Data records
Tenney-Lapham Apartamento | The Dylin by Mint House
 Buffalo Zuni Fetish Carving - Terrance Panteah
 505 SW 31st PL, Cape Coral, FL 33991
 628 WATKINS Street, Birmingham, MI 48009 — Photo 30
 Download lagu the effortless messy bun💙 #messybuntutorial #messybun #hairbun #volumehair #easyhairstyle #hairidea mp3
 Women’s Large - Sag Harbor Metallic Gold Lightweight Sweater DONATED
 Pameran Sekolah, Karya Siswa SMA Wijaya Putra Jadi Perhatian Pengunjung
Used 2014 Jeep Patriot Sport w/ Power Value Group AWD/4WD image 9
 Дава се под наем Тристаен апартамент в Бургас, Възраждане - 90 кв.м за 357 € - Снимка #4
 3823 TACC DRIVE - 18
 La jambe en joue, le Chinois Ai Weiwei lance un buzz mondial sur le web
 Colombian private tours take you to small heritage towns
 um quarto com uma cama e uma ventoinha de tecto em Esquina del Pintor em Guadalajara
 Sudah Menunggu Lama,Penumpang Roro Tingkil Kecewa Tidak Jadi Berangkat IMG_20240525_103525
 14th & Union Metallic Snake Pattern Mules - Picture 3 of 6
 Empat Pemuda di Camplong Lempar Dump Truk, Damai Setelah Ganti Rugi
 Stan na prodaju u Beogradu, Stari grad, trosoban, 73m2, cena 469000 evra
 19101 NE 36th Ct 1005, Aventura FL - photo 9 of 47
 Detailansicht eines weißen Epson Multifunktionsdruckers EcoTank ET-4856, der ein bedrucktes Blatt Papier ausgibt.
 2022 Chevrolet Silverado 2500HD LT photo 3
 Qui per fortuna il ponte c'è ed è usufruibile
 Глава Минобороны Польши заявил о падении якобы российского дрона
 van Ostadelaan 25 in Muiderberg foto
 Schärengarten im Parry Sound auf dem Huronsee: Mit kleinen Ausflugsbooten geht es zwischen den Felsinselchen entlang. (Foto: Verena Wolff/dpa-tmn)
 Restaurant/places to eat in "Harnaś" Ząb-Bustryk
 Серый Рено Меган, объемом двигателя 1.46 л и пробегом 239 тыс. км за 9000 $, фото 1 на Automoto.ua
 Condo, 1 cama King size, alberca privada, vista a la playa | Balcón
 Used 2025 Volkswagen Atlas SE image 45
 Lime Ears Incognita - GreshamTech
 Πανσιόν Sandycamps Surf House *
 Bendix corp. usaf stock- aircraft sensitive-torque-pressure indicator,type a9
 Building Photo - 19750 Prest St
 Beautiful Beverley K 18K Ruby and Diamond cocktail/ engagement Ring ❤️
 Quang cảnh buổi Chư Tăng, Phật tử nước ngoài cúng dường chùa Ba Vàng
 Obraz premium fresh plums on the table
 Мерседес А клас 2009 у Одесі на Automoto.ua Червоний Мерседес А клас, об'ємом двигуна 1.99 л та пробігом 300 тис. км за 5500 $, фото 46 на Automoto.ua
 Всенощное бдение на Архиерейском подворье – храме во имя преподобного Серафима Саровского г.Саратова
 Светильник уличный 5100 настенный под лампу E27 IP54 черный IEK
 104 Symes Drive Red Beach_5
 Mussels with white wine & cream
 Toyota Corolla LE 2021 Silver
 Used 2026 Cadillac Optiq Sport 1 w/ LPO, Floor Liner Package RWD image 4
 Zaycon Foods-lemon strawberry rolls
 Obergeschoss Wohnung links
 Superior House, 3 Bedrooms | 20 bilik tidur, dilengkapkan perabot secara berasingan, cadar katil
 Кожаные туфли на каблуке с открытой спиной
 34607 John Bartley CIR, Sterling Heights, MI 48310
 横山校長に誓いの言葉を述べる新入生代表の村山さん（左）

Work instruction
Reproduce only the lines above spanning from the line containing "3823 TACC DRIVE - 18" through the line containing "Qui per fortuna", word for word.

Problem solution
 3823 TACC DRIVE - 18
 La jambe en joue, le Chinois Ai Weiwei lance un buzz mondial sur le web
 Colombian private tours take you to small heritage towns
 um quarto com uma cama e uma ventoinha de tecto em Esquina del Pintor em Guadalajara
 Sudah Menunggu Lama,Penumpang Roro Tingkil Kecewa Tidak Jadi Berangkat IMG_20240525_103525
 14th & Union Metallic Snake Pattern Mules - Picture 3 of 6
 Empat Pemuda di Camplong Lempar Dump Truk, Damai Setelah Ganti Rugi
 Stan na prodaju u Beogradu, Stari grad, trosoban, 73m2, cena 469000 evra
 19101 NE 36th Ct 1005, Aventura FL - photo 9 of 47
 Detailansicht eines weißen Epson Multifunktionsdruckers EcoTank ET-4856, der ein bedrucktes Blatt Papier ausgibt.
 2022 Chevrolet Silverado 2500HD LT photo 3
 Qui per fortuna il ponte c'è ed è usufruibile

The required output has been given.